• Problem description
Give again, exactly and without pictures, the lines running from the line with "Tualet kağızı Seplak Pudra ətirli 8 rulon" to the end of the records below.

• Data listing
******

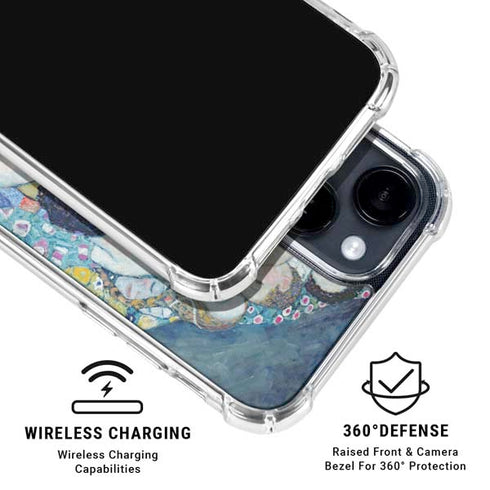 Klimt - Death and Life by Klimt iPhone 15 Clear Case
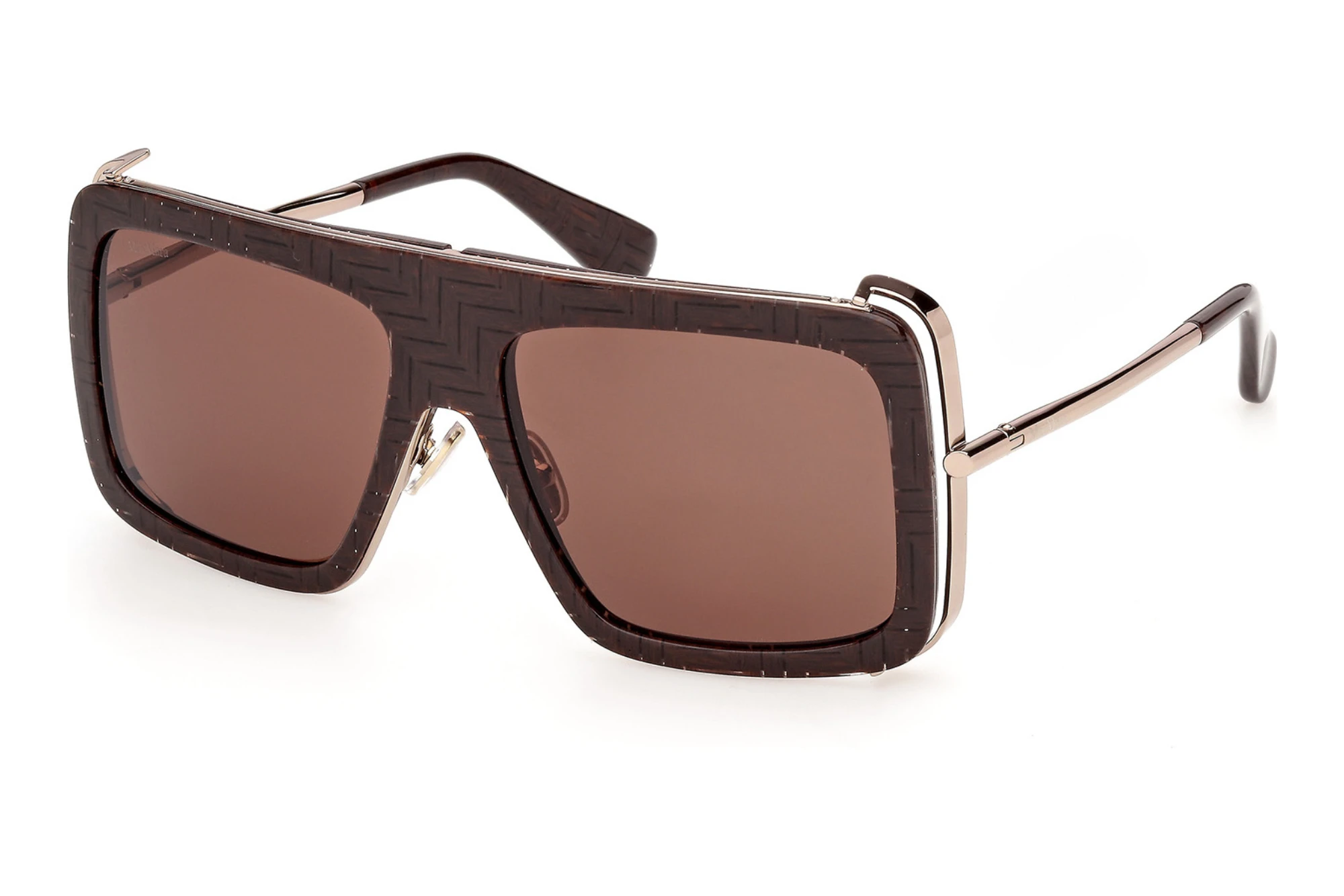 Max Mara MM0119 50E braunHellbraun /Muster Max Mara MM0119 50E braunHellbraun /Muster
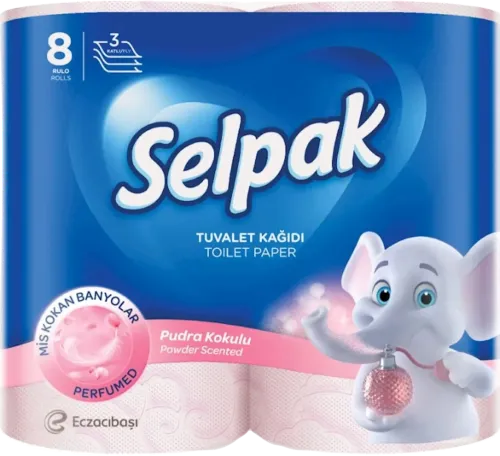 Tualet kağızı Seplak Pudra ətirli 8 rulon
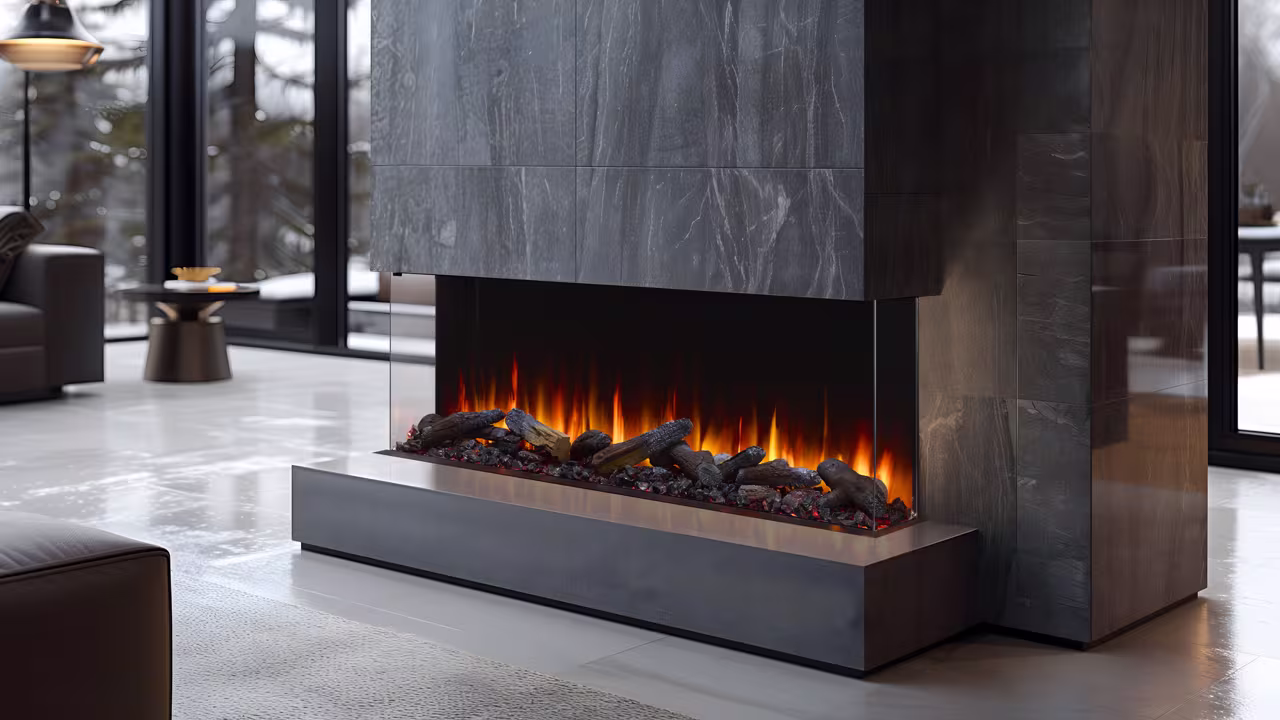 SimpliFire Triton Electric Fireplace - Image 3
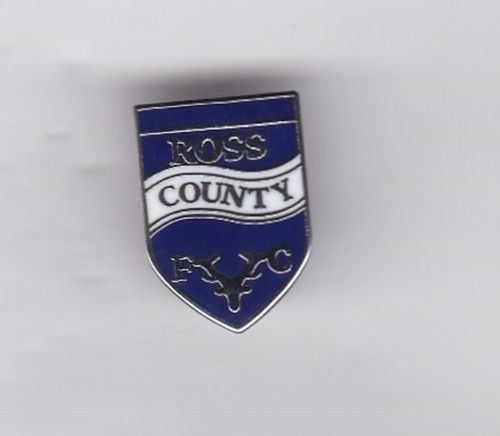 Ross County - lapel badge brooch fitting — image 1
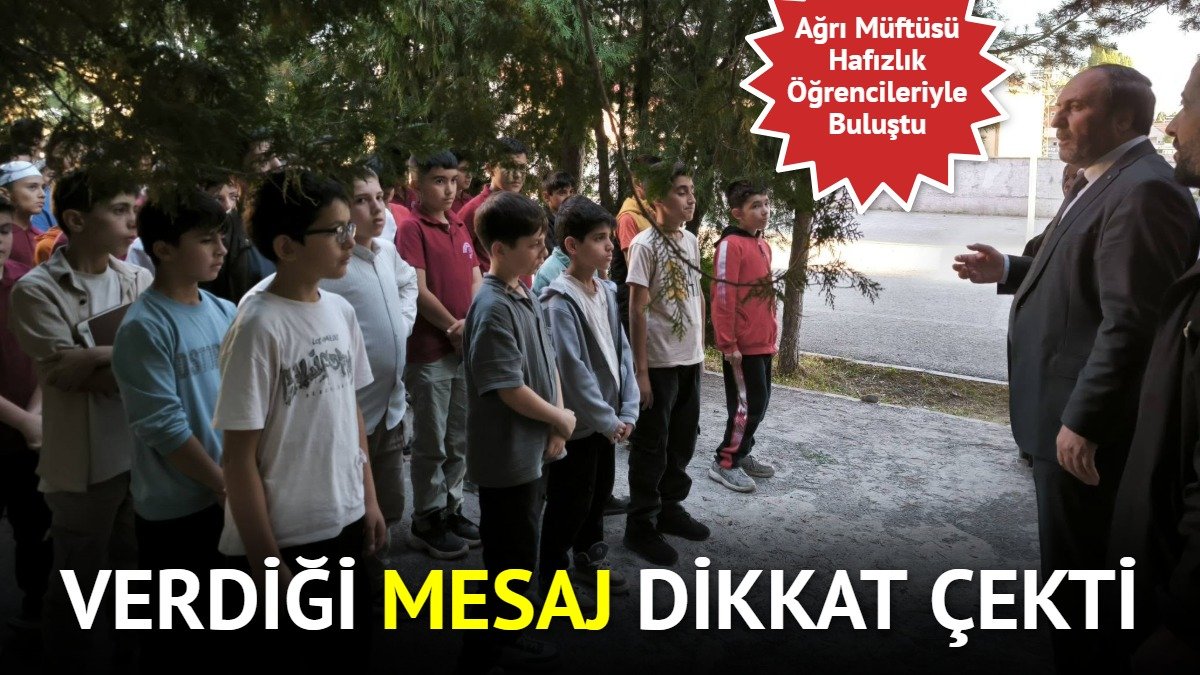 Müftü İlhan Ağrı'daki Hafızlık Öğrencileriyle Buluştu: "Çok Az Kişinin Başarabileceği..."
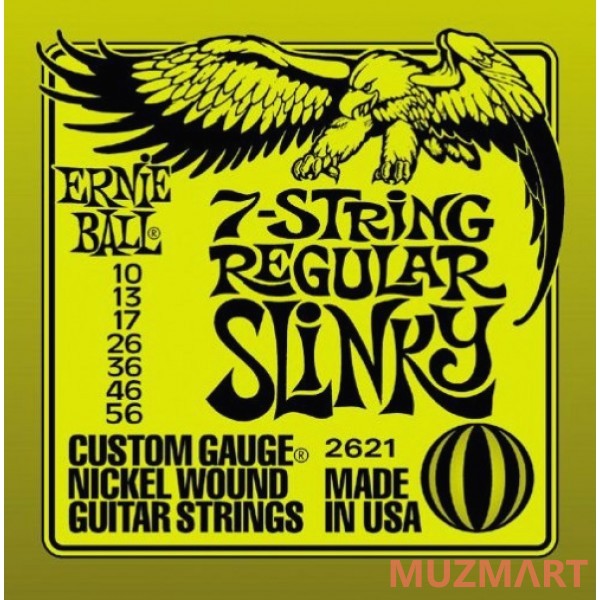 Ernie Ball P02621 Regular Slinky Струны для 7-ми струнной электрогитары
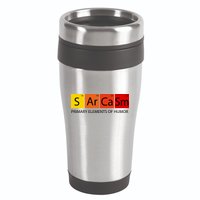 Sarcasm Primary Elements Of Humor 16oz Travel Tumbler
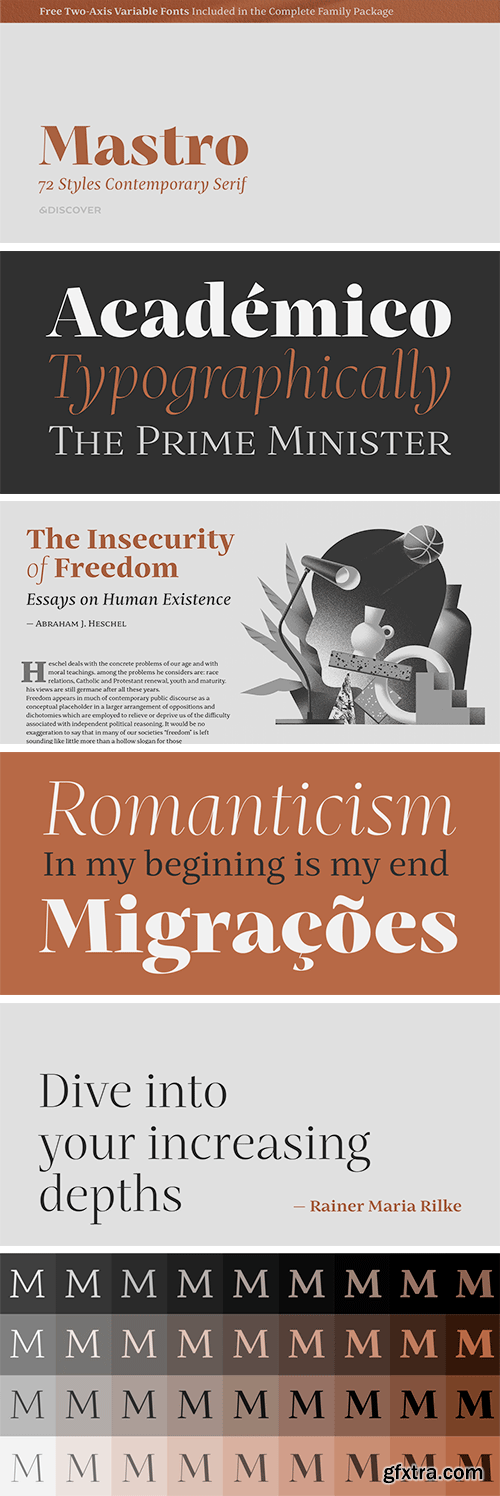 Mastro Font Family Mastro Font Family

******

• Completed exercise
 Tualet kağızı Seplak Pudra ətirli 8 rulon
 SimpliFire Triton Electric Fireplace - Image 3
 Ross County - lapel badge brooch fitting — image 1
 Müftü İlhan Ağrı'daki Hafızlık Öğrencileriyle Buluştu: "Çok Az Kişinin Başarabileceği..."
 Ernie Ball P02621 Regular Slinky Струны для 7-ми струнной электрогитары
 Sarcasm Primary Elements Of Humor 16oz Travel Tumbler
 Mastro Font Family Mastro Font Family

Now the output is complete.